[INFORMATION PROVIDED Boundary: Start]

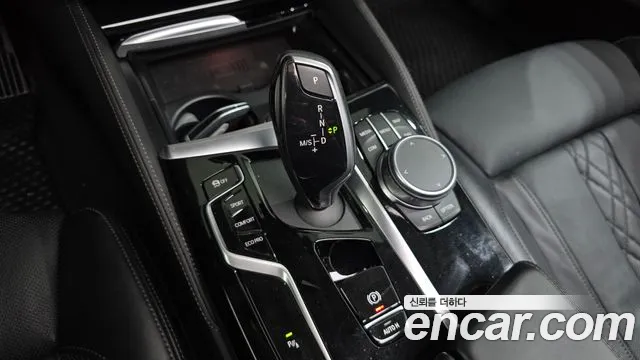 BMW 5-Series 2021 thumb 9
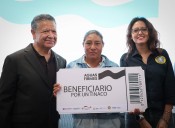 Gobierno de Hidalgo recibe 700 tinacos de Grupo Modelo para familias de Apan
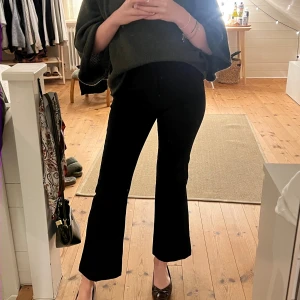 Croppade byxor - Bikbok st small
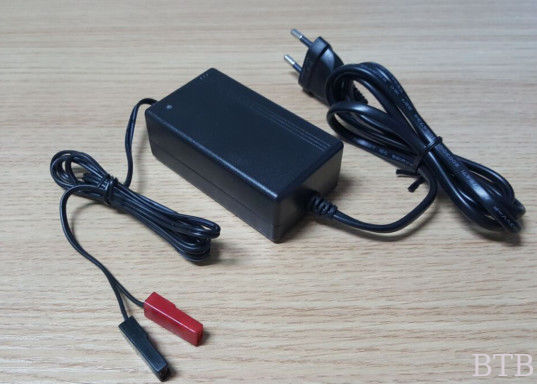 13.8-14.6V/1.0A شاحن البطارية للبطارية SLA 12V المزود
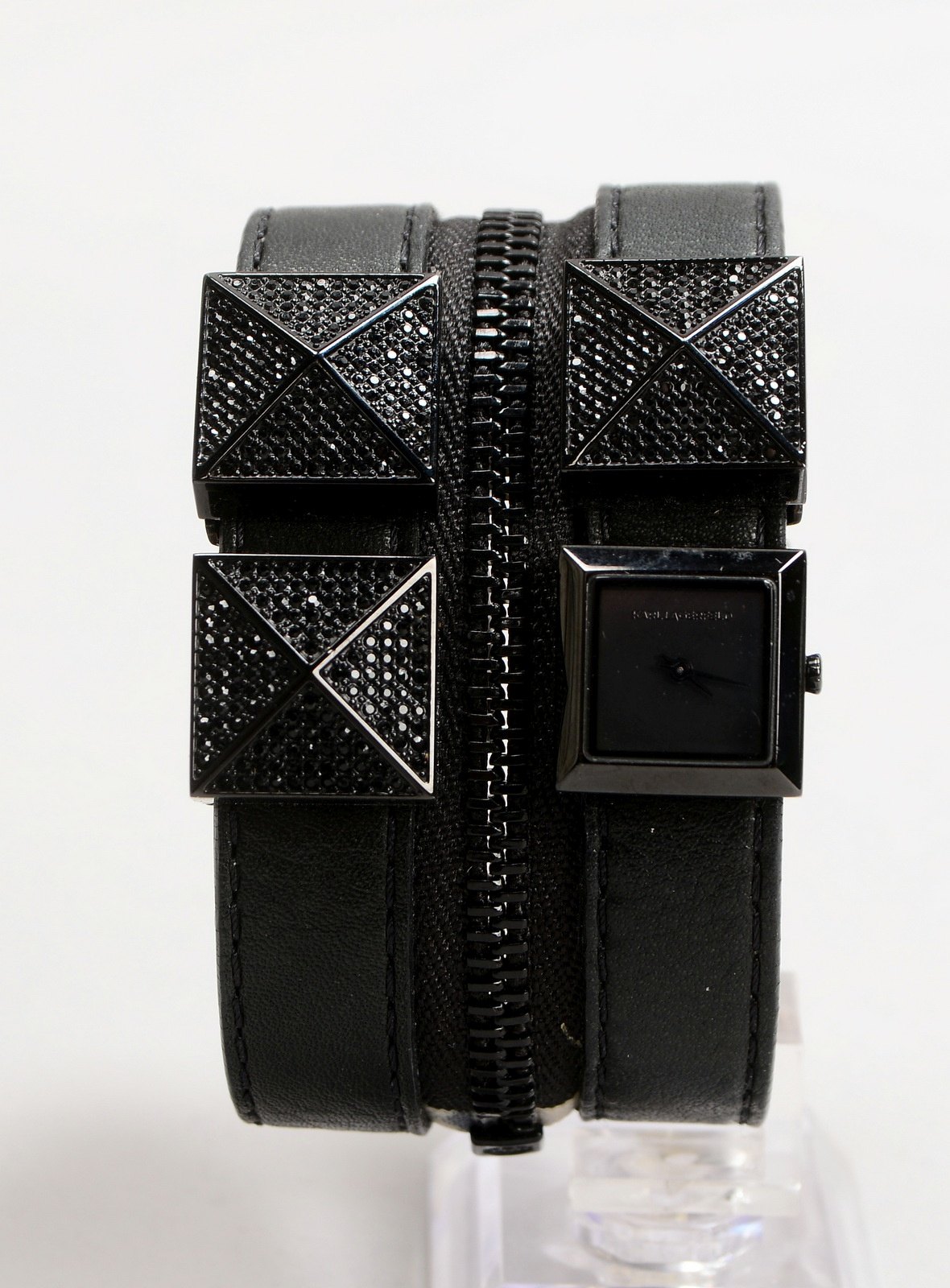 Karl Lagerfeld, Designer-DAU 'KL 2002', an Lederband, in orig. Box - neuwertig
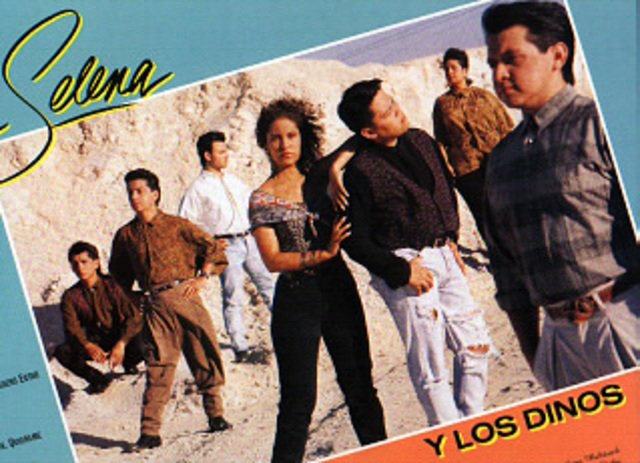 father launched a vocal group Selena y Los Dinos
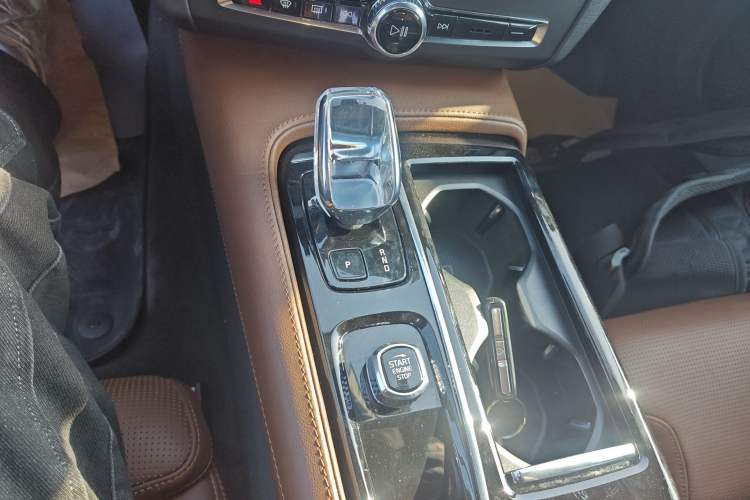 Used Volvo S90 New Energy 2024 Plug-in Hybrid Four-Wheel Drive Long-Range Luxury Smart Edition Gear Lever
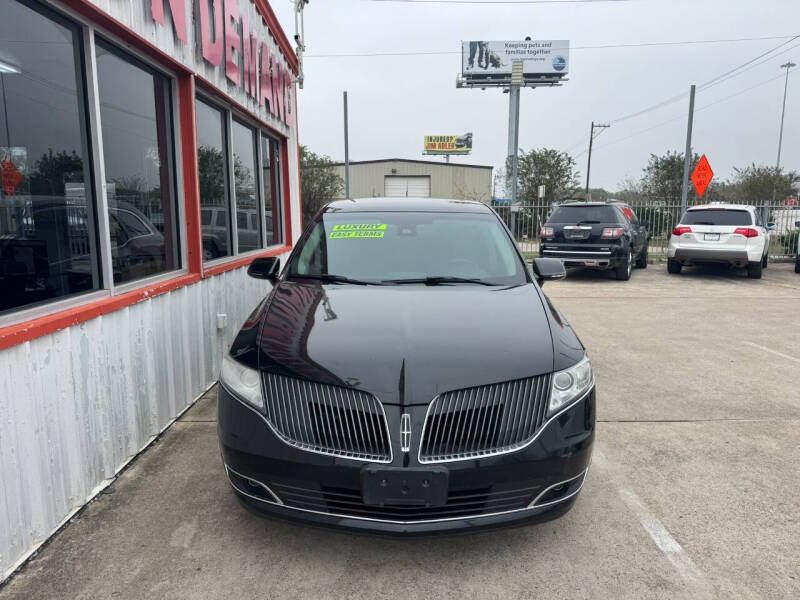 2014 Lincoln MKT Ecoboost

[INFORMATION PROVIDED Boundary: End]

WHAT THE TASK ASKS:
Leaving out only the pictures, retype every record exactly.

YOUR RESPONSE:
 BMW 5-Series 2021 thumb 9
 Gobierno de Hidalgo recibe 700 tinacos de Grupo Modelo para familias de Apan
 Croppade byxor - Bikbok st small
 13.8-14.6V/1.0A شاحن البطارية للبطارية SLA 12V المزود
 Karl Lagerfeld, Designer-DAU 'KL 2002', an Lederband, in orig. Box - neuwertig
 father launched a vocal group Selena y Los Dinos
 Used Volvo S90 New Energy 2024 Plug-in Hybrid Four-Wheel Drive Long-Range Luxury Smart Edition Gear Lever
 2014 Lincoln MKT Ecoboost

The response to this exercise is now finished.